── Data block

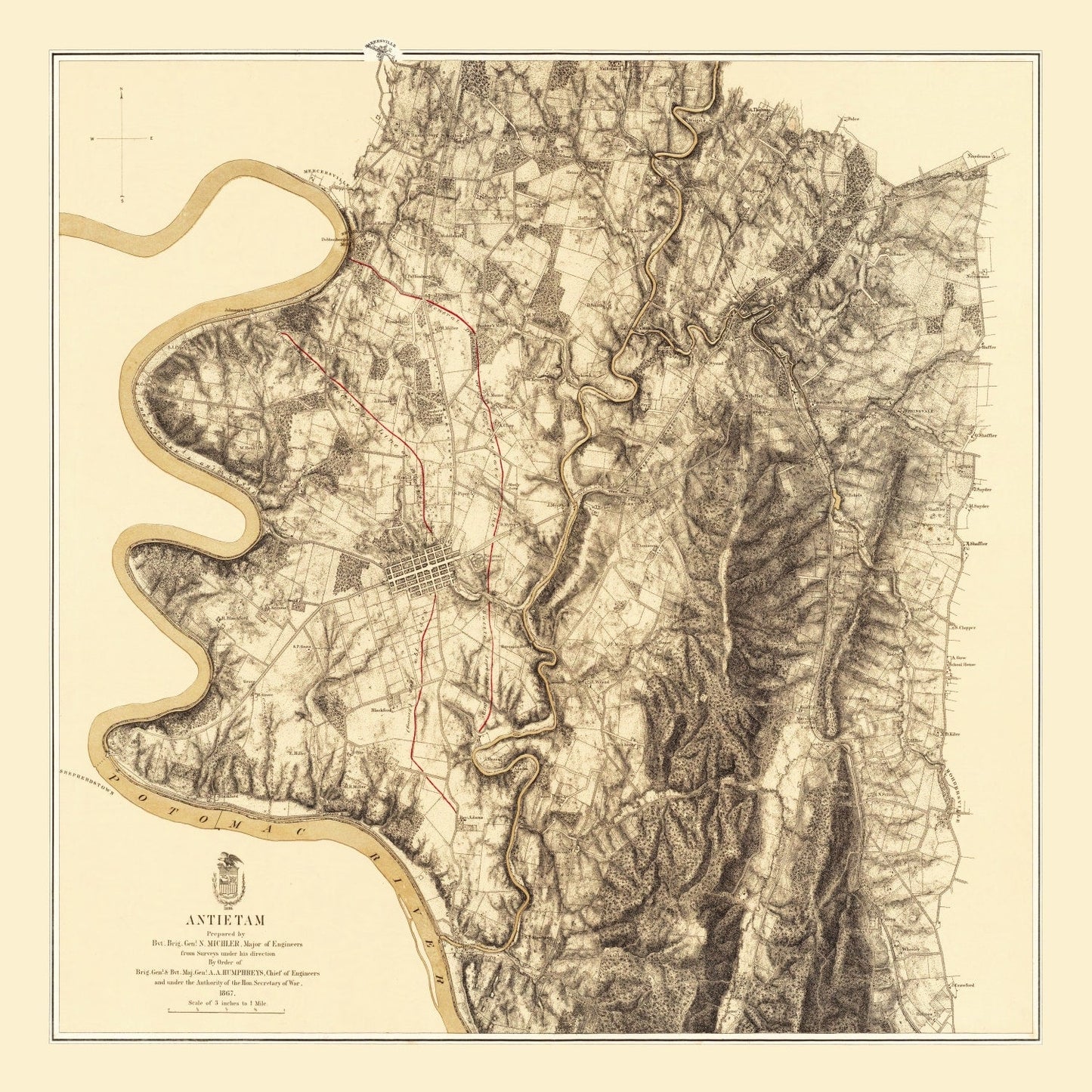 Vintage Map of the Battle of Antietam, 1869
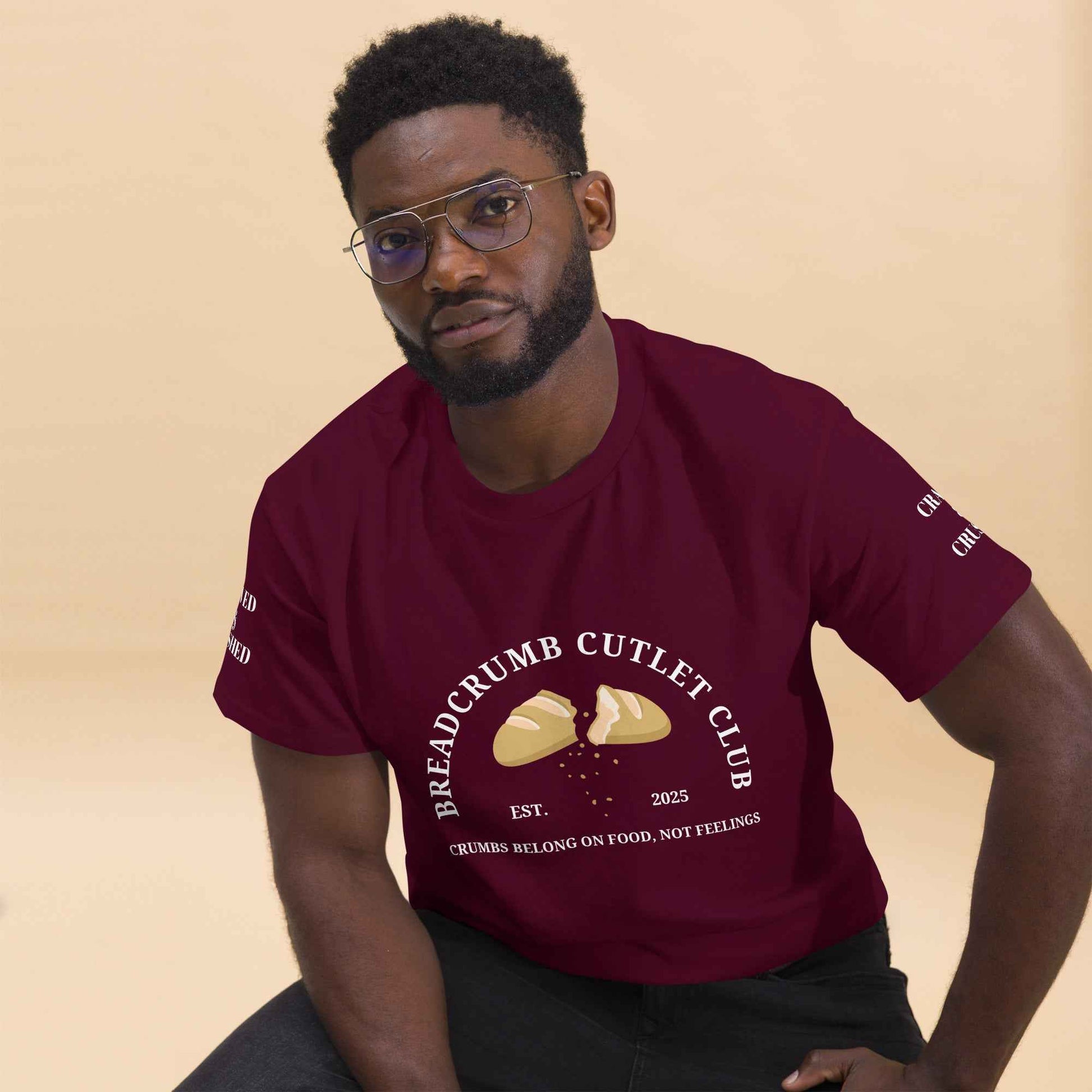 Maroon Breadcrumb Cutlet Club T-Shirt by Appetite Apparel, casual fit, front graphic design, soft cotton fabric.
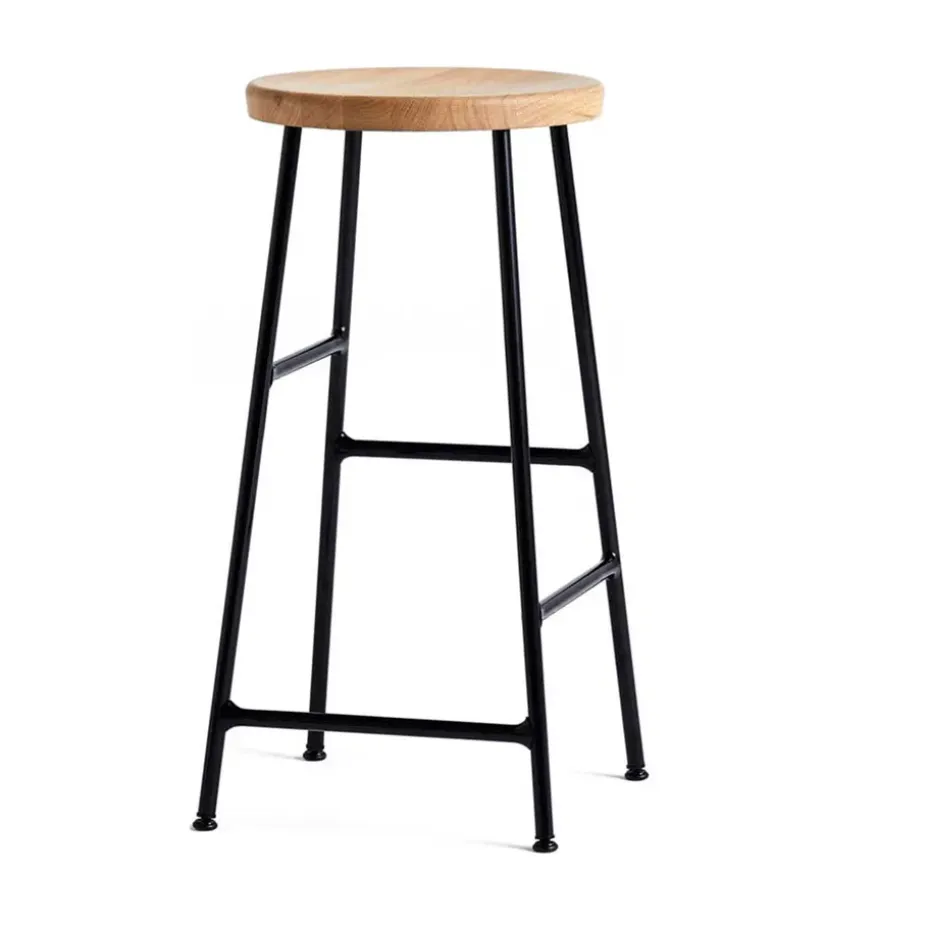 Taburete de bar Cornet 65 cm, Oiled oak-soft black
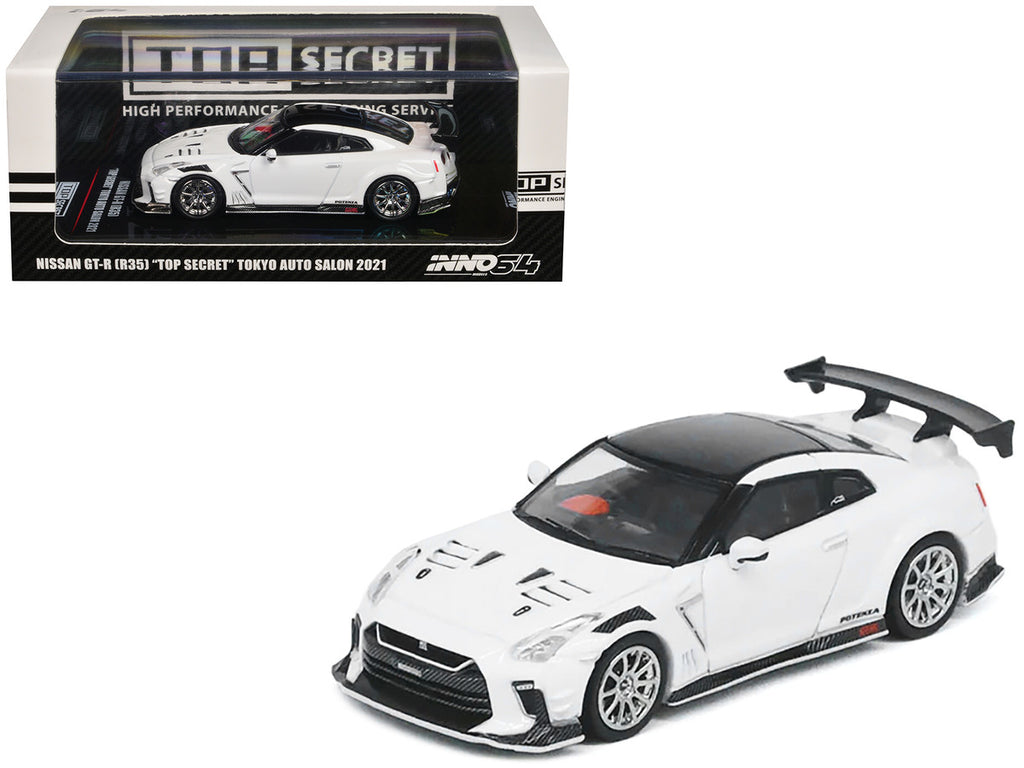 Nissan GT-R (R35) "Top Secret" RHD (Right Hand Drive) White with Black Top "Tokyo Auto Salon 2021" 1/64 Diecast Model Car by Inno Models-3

────

__What you will do__:
Repeat verbatim the lines from the one holding "Maroon Breadcrumb Cutlet" through the end of the listing above, both ends included, but not the pictures.

__Reply__:
 Maroon Breadcrumb Cutlet Club T-Shirt by Appetite Apparel, casual fit, front graphic design, soft cotton fabric.
 Taburete de bar Cornet 65 cm, Oiled oak-soft black
 Nissan GT-R (R35) "Top Secret" RHD (Right Hand Drive) White with Black Top "Tokyo Auto Salon 2021" 1/64 Diecast Model Car by Inno Models-3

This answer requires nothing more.